Great Pyramid of Giza built to concentrate all electromagnetic energy on inner chambers, says study

Secret of how Great Pyramid of Giza was built revealed

One of the most easily recognizable, yet mysterious structures in the world -- the Great Pyramid at Giza -- remains an ever-green subject of research and study. Scientists have now found that the structure of the largest pyramid at Giza actually channels electromagnetic energy down to its inner chambers all the way to its base.

Researchers say the builders of the pyramids might not have been aware of this property. "Applications of modern physical methods and approaches for investigations of pyramids' properties are important and productive," said the researchers in their research paper. "It could allow [us] to make new discoveries or get new information motivating new interests [in] the pyramids."

Electromagnetic radiation much like visible light, radio waves and even microwaves, is everywhere and all around the planet, constantly. Electromagnetic radiation is a vital part of everyday life, useful in the operation of microwave ovens and radio. WiFi is also a great example of electromagnetic radiation.

Researchers concluded that the pyramids were, in fact, concentrating electromagnetic waves after running a few tests to find out just how the pyramids reacted to electromagnetic waves by first estimating how resonance might be induced, notes a report by Science Alert.

"We had to use some assumptions," says Andrey Evlyukhin, from ITMO University in Russia. "For example, we assumed that there are no unknown cavities inside, and the building material with the properties of an ordinary limestone is evenly distributed in and out of the pyramid."

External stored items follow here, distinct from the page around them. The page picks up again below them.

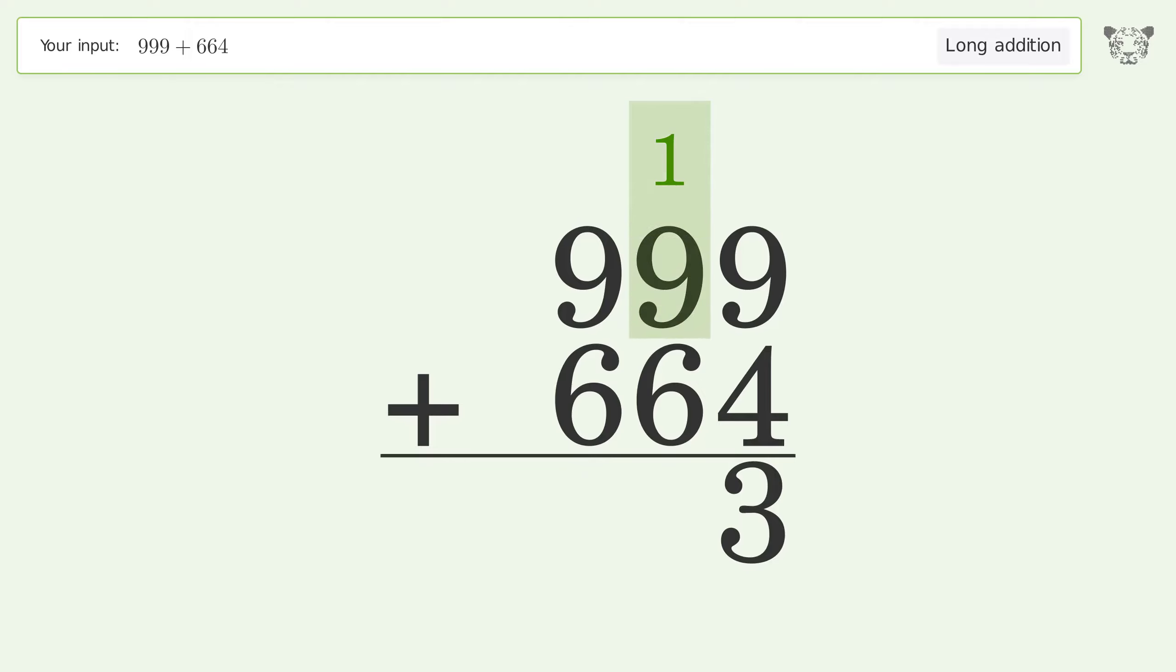1 plus 9 plus 6 equals 16. Carry 1 to the hundreds place.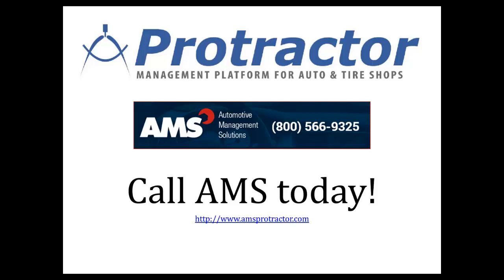Good morning. This is Mike McCrickard with AMS. We're going to show you Protractor and how you can use templates in Protractor to quickly create work orders.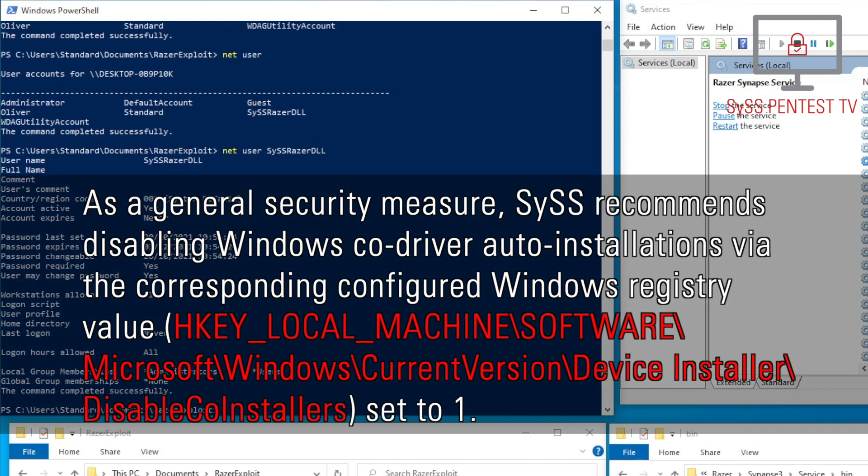As a general security measure, Sys recommends disabling Windows code driver auto-installations, via the corresponding configured Windows registry value, Disable code installers, set to 1.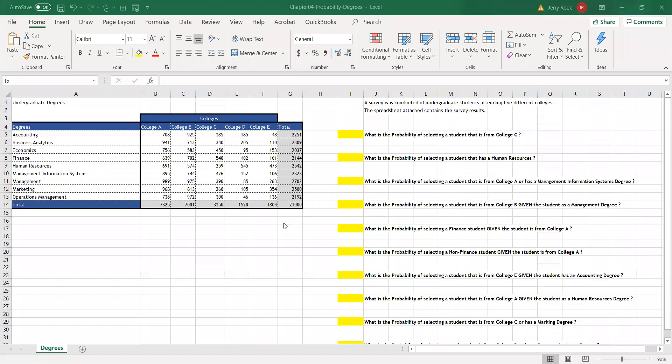Hi, I'm going to review this Excel sheet regarding degrees to show you how conditional probability works.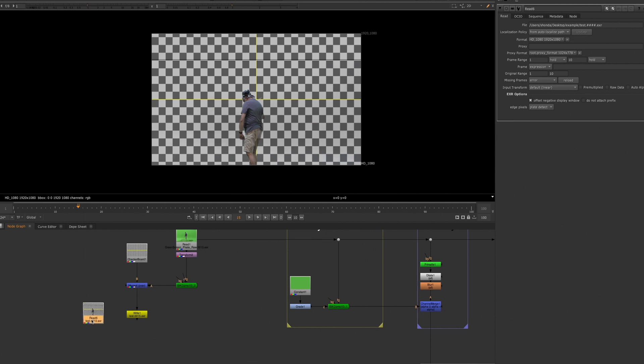So it's definitely important to add that frame padding within your file names when you're working independently and you're trying to render something out.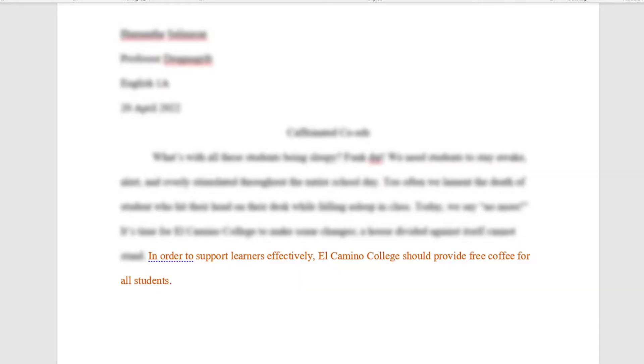Since I'm the main idea of the body paragraph, it's my job to show what the body paragraph will have to prove or demonstrate to the reader. I also need to support the thesis statement. For now, let's say the thesis of this essay is that El Camino should provide free coffee for all students.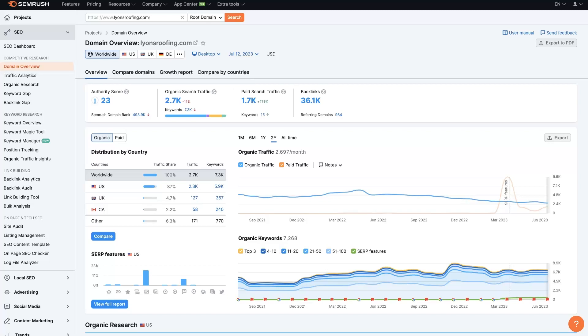Let's take a look at how to use SEMrush to spy on your competitors. In this example we're going to use roofing as the niche and Phoenix, Arizona as the location.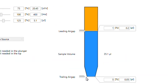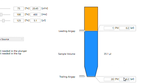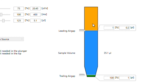You have your trailing air gap, your sample volume, and your leading air gap, and you can change these percentages. If you wanted to increase the trailing air gap, you can do that — you can do one microliter, whatever you want. The reason you'd want a trailing air gap is to prevent drips. If your sample is very drippy, you want more air there to prevent dripping. A leading air gap is for blowouts — if you still have a lot of liquid retained, that's where you want to increase the leading air gap.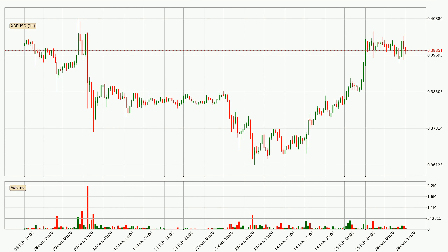Looking at the hourly time frame for Ripple, the price moved up around 2.5% in the last 24 hours, with a current price of $0.399. However, the volume wasn't very high, so the move wasn't very strong.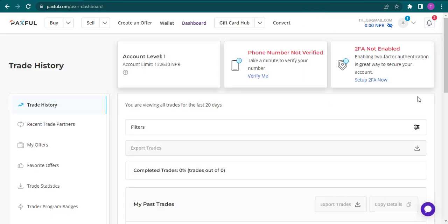If the code you entered is correct your account of Paxful will be successfully created. Now before you start buying and selling cryptocurrencies make sure you also verify yourself and then only start the transaction.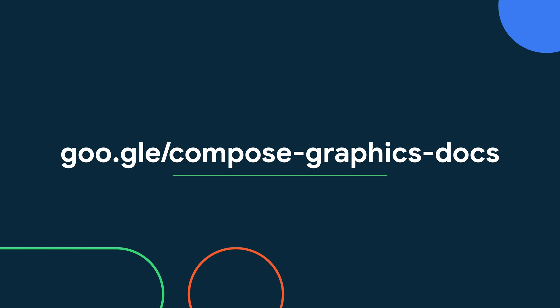And that's it for this video. Take a look at the Compose graphics docs to learn more about drawing in Compose. Happy composing!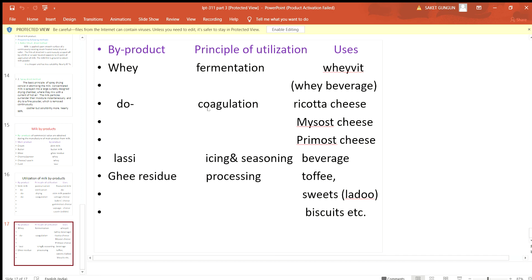From whey, by the process of coagulation, we can prepare ricotta cheese, mysost cheese, and primost cheese. From lassi, by the process of icing and seasoning, we can prepare a beverage or drink. From ghee residue, by processing, we can prepare toffee, sweets like laddu, biscuits, etc.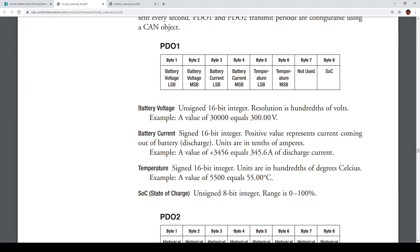Battery voltage is an unsigned 16-bit integer with a resolution of one hundredth of a volt. So in the code I will read the value from those two bytes and multiply by 0.01 to get a nice number — for example, 30,000 would actually mean 300 volts. Battery current and temperature are signed 16-bit integers because they can go negative — you can have minus 100 amps or plus 100 amps, and the same with temperature, it can go below zero.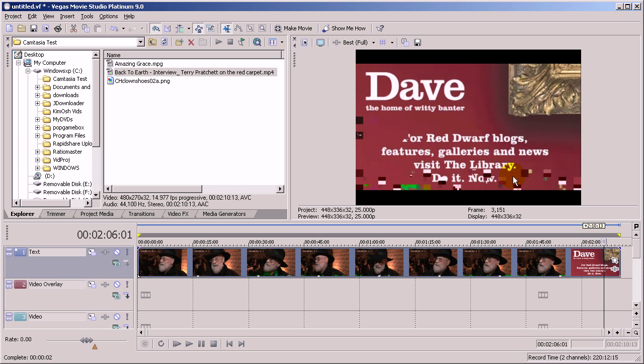Now most people will tell you to put this file into another compression program and then convert it into another format and re-import it into Sony Vegas. Well, you can do that but it's a pain, it takes more time, plus you've re-encoded the file again which means the quality is going to suffer a little bit.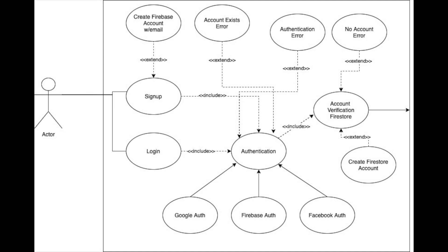Now, when you see an arrow that says extend, that's a case that might happen. So, for instance, on the sign-up, we've got create Firebase account with email. If they're signing up, they might want to enter their email, enter their password, and create an account with Firebase.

Researchers then went on to make a model pyramid including its electromagnetic responses. Researchers were able to estimate exactly how the Great Pyramid would respond to wave energy by calculating the "extinction cross section". Using this value, they calculated how wave energy is absorbed or scattered by the pyramid.

Researchers then found that scattered electromagnetic radiation was concentrating in internal chambers and under its base. "By choosing a material with suitable electromagnetic properties, we can obtain pyramidal nanoparticles with a potential for practical application in nanosensors and efficient solar cells," says Polina Kapitanova, an associate at the Faculty of Physics and Engineering of ITMO University.

As to how the ancient Egyptians, several thousand years ago were able to channel radio waves into the burial chambers, no one really knows. Notwithstanding the alien conspiracy theorists and self-proclaimed time travellers who claim that the Giza Pyramids were alien structures, the researchers of the paper insist that this property of the pyramids is most likely a happy accident than a design feature.

The paper was published in the Journal of Applied Physics.